Copy out the listing in full, exactly as written, but not its pictures.

● **Given information**:
:::

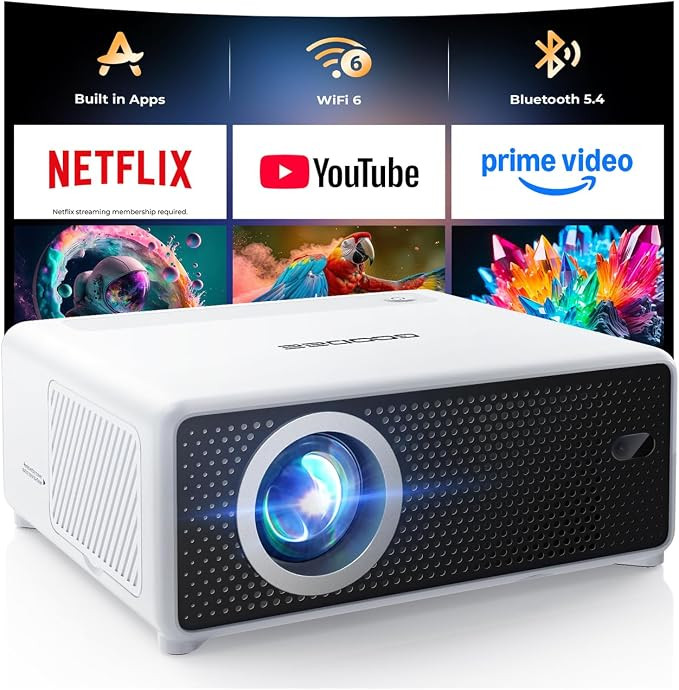 GOODEE Mini Projector with WiFi and Bluetooth - Built-in Apps, 1080P HD Home Theater Compatible w... | Amazon (US)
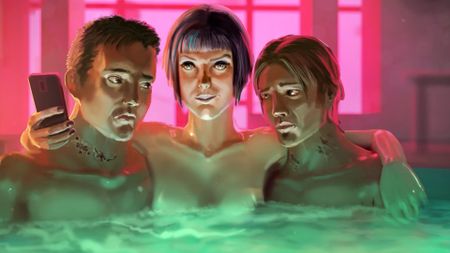 A vampire and two bloodbags in a hot tub in Nighthawks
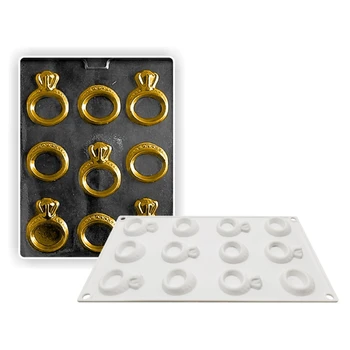 

12 Cavity Diamond Ring Silicone Cake Mold French Dessert Tray Pastry Decorating Mould Chocolate Mousse Baking Tools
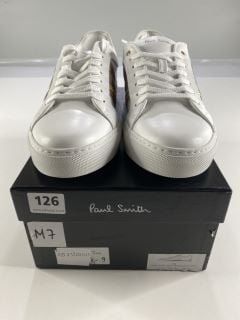 PAUL SMITH MENS SHOE BASSO WHITE MUL STR, SIZE-11, MENS SHOE 100% COW LEATHER UPPER/RUBBER SOLE -RRP £235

:::

● **Written solution**:
 GOODEE Mini Projector with WiFi and Bluetooth - Built-in Apps, 1080P HD Home Theater Compatible w... | Amazon (US)
 A vampire and two bloodbags in a hot tub in Nighthawks

12 Cavity Diamond Ring Silicone Cake Mold French Dessert Tray Pastry Decorating Mould Chocolate Mousse Baking Tools
 PAUL SMITH MENS SHOE BASSO WHITE MUL STR, SIZE-11, MENS SHOE 100% COW LEATHER UPPER/RUBBER SOLE -RRP £235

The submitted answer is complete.